3 min read
Cyber attacks have become more and more frequent as the world becomes ever connected by technology. Millions of attacks take place ever year as...
As a business owner, securing data is important, but websites and social accounts are often forgotten or assumed to be safe. With increased cyber threats, every small business should be vigilant and prevent being hacked. The good news is you dramatically reduce the chances of your website and social media accounts being hacked by taking a few simple steps.
Anyone can become a victim. Recently, The Army's social feeds were hacked, while snow window artist, Tom Baker, fell victim to a hacker posing as an Instagram official - the account was deleted after he refused to pay the Bitcoin ransom. Here are some handy ways to protect your website and social media accounts against hacking attempts:
Before anything else, it's important to know that there are various types of cyber-attacks. Here are a sample of threats:
Phishing or spam - typically email, but can also come in the form of post, phone, in person, website and social media
Malware - infected systems and networks, including ransomware
Denial-of-service attack (DDoS) - Overwhelming a network with a flood of superficus requests which could bring a website or other system down - e.g. credit card machines
Understanding that there are various threats and that each needs addressing will help to understand that cyber security today is about implementing multiple layers of cyber defences.
If you don't know much about these threats, don't worry. You can ask cyber security experts to implement a package of cyber security defences to protect your organisation.
Use strong passwords when accessing online accounts like social media sites, email, or banking websites. For your safety, passwords should contain at least eight characters - we recommend putting three worlds together and using a password manager. Also, make sure you use different passwords for different accounts. This way, if someone gets access to one account, they won't have access to other accounts.
In addition to using strong passwords, implement multi-factor authentication (MFA) when logging into any online account. Multi-factor authentication requires users to enter a code sent through text messages or phone calls instead of just entering their username and password alone. This method makes it harder for hackers to gain access to your accounts.
Social media providers Facebook, Twitter, Google+, LinkedIn, Pinterest, and Instagram all offer MFA, so ensure that you set it up.
One of the best ways to protect your website from hackers is to update software regularly. Make sure that your website, any plug-ins, and apps (including social media and scheduling tools) are updated with the latest version. Security updates counter new vulnerabilities, so it's important to accept updates.
To avoid losing data due to an attack on your website, ensure your website and social data is backed to a separate location. While some Content Management Systems provide version history, which can help in instances where content is accidentally/intentionally deleted or overridden - this data is not saved in a separate location, and you still risk losing data if your website is compromised.

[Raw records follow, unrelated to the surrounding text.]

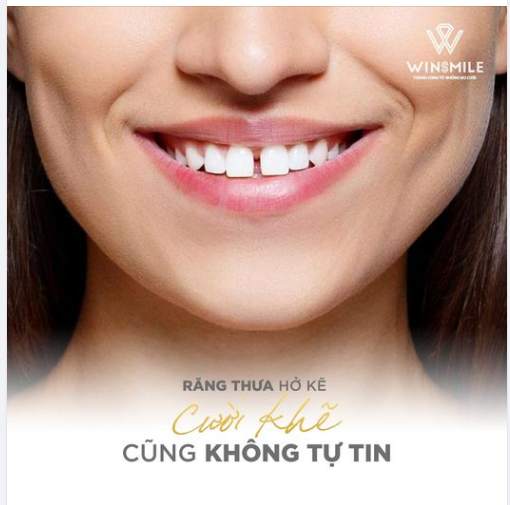 RĂNG THƯA HỞ KẼ - CƯỜI KHẼ CŨNG KHÔNG TỰ TIN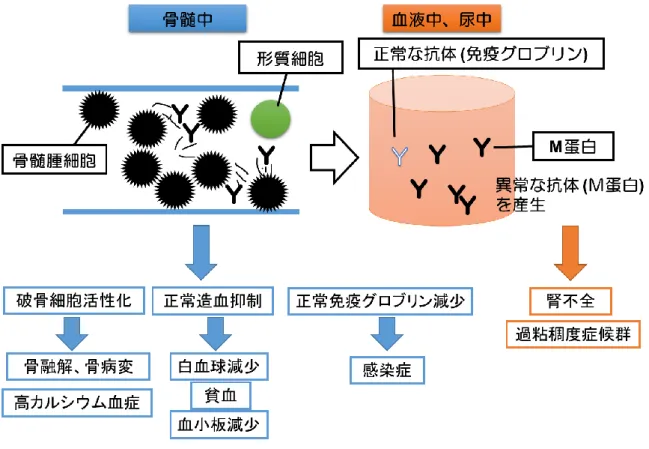 Fig. 1. Pathology of multiple myeloma 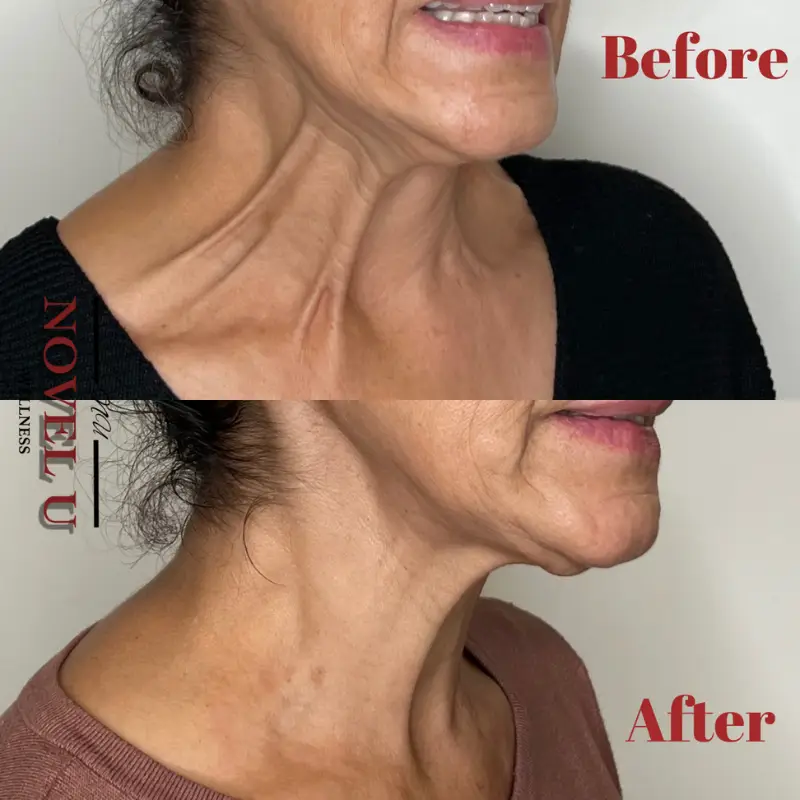Before & After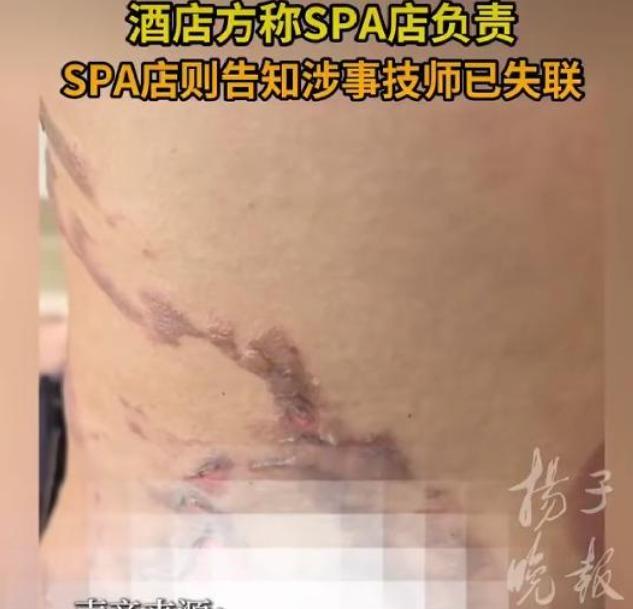 拔罐本来是用来放松解压的养生项目，谁也想不到，在正规酒店里面做理疗，竟然会酿成一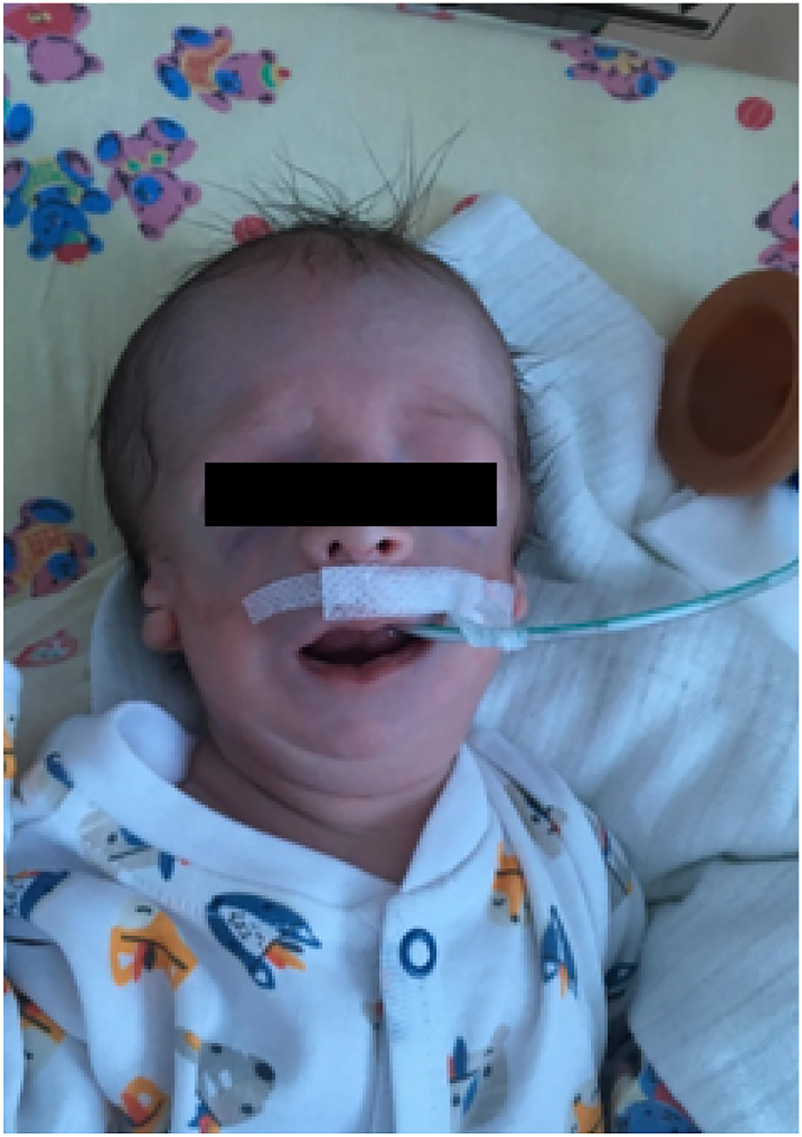 Figure 1:
Our patient with Treacher Collins syndrome after birth.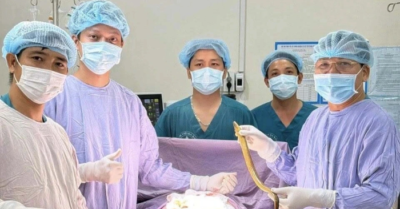 Phẫu thuật lấy con lươn dài 50cm trong bụng nam bệnh nhân tại Đồng Nai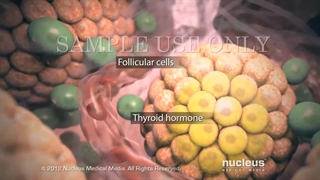 سرطلن تیروئید | ضروری‌ترین مواردی که در رابطه با سرطان تیروئید باید بدانید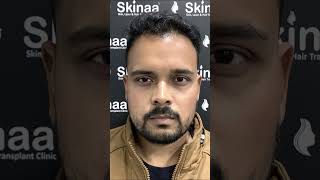 Full Hair Transplant Journey Of A Patient At Skinaa Clinicshorts 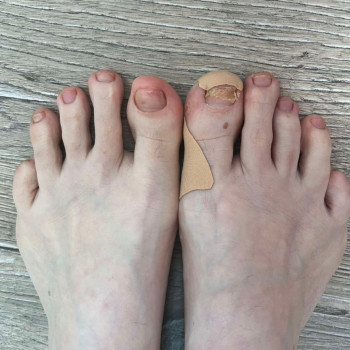 Ніготь не ріс, був деформований. Аналіз вказав на грибкове ураження, але ми зробили відеовлення за 4...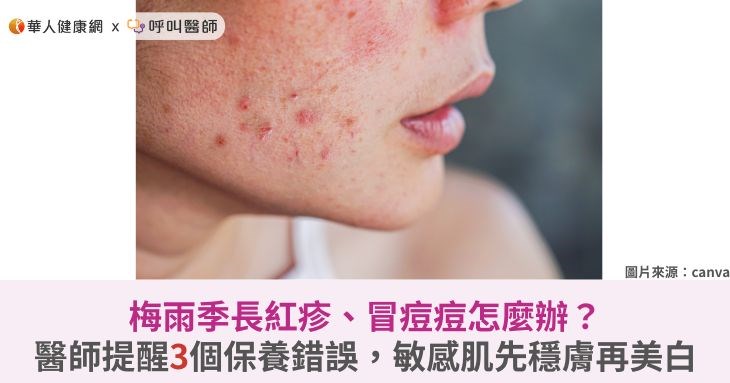 梅雨季長紅疹、冒痘痘怎麼辦?醫師提醒3個保養錯誤,敏感肌先穩膚再美白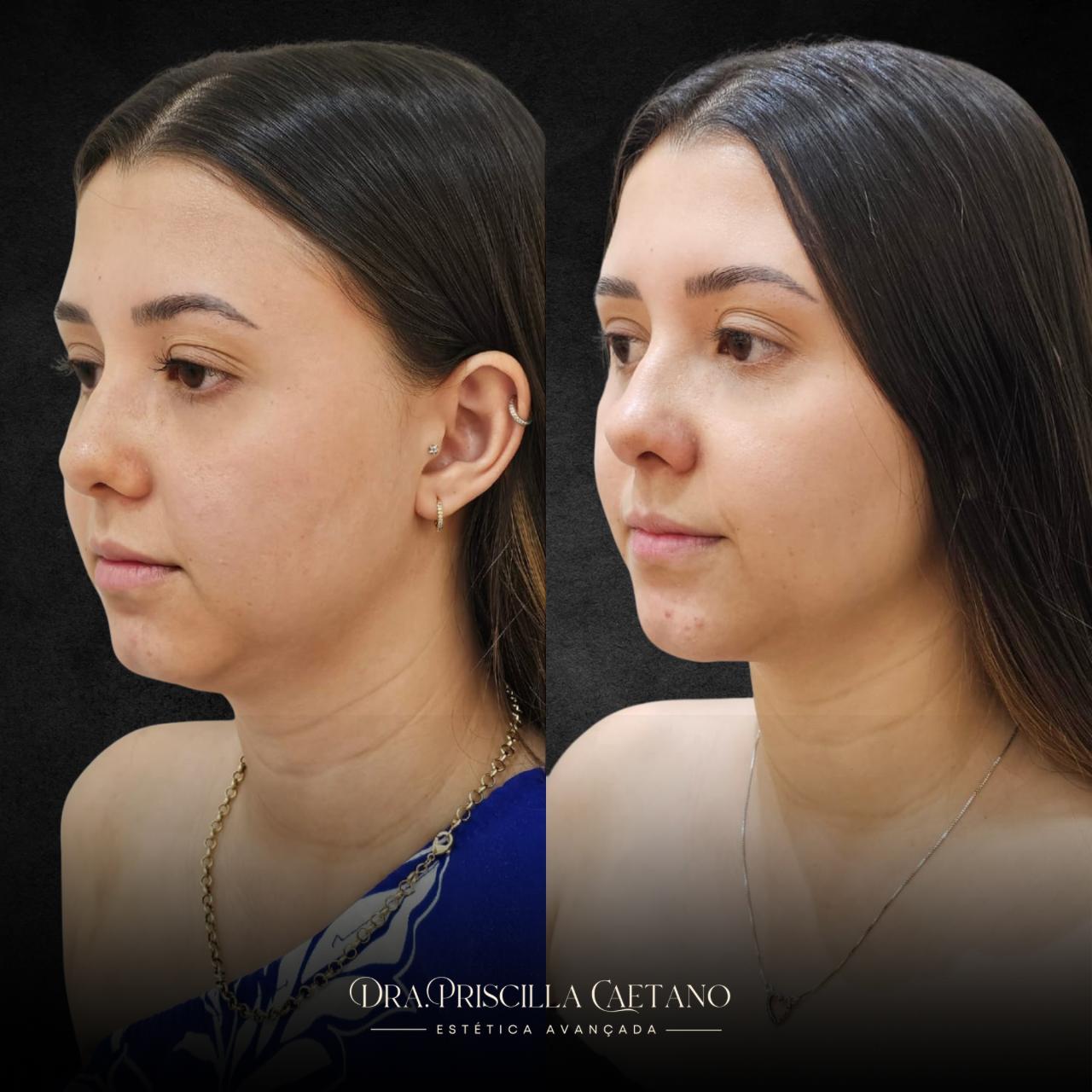 WhatsApp Image 2025-11-13 at 17.33.35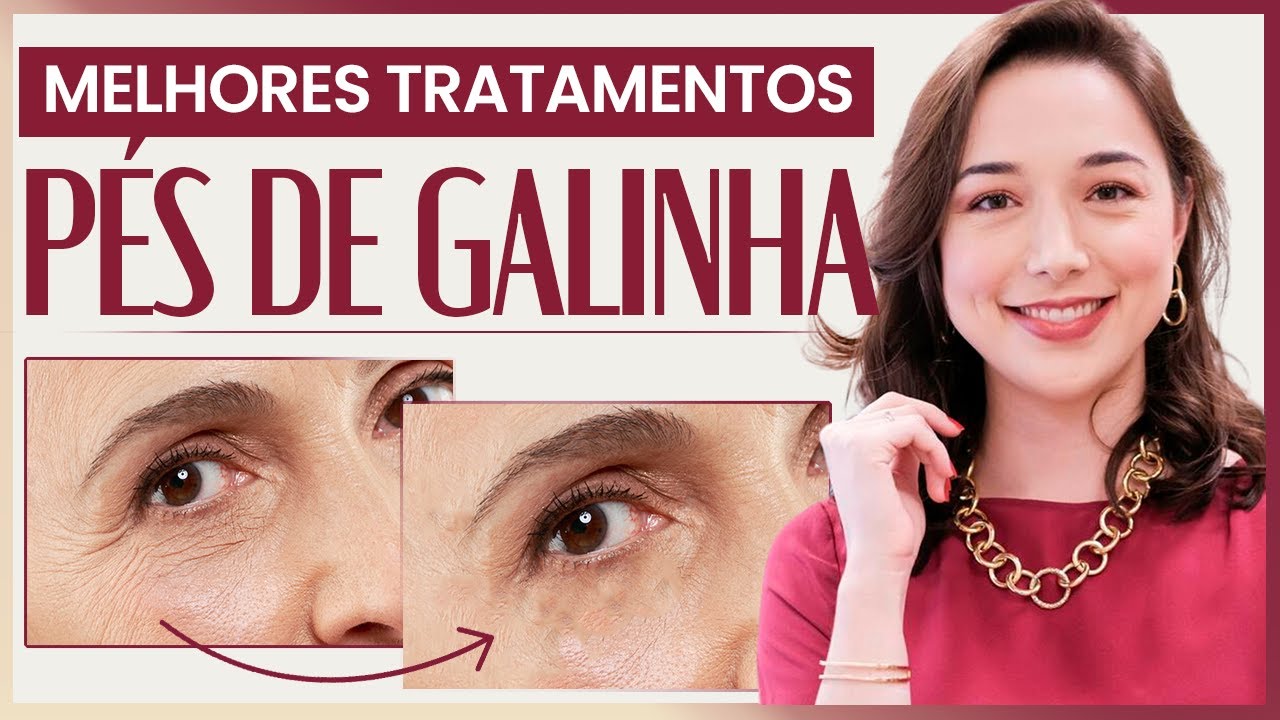 RUGAS PÉ DE GALINHA | Como amenizar essas linhas na ÁREA DOS OLHOS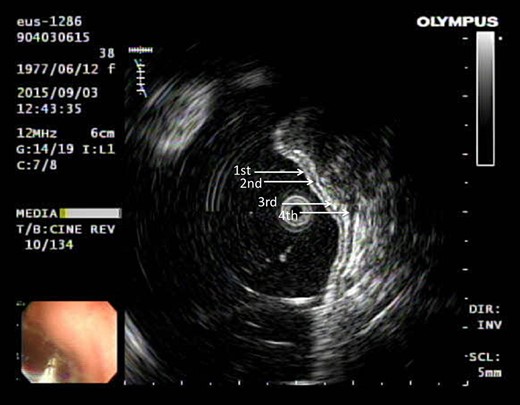 Ultrasonography showing tumor arising from the fourth layer of the gastric wall.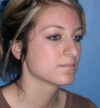 Rhinoplasty case #12829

Website providers, for example, WordPress, HubSpot Wix and Shopify, do not automatically backup your website to a separate location. Often, content and data can be exported manually, for example, bulk export blogs in WordPress. Also, data from Facebook and Twitter can be manually exported. However, some providers, such as LinkedIn and Pinterest do not have bulk export capability.
While exporting content manually does backup data to a separate location, an automated solution is highly encouraged. Automated backup is completed regularly and never forgotten, but will require a third-party SaaS solution provider such as SocialSafe.
Enable SSL encryption on your website. SSL stands for Secure Sockets Layer, and its purpose is to encrypt communication between your web browser and the server hosting your website. Encryption helps maintain privacy and gives visitors confidence that your site is safe. If you don't have SSL enabled, you risk having your website hacked.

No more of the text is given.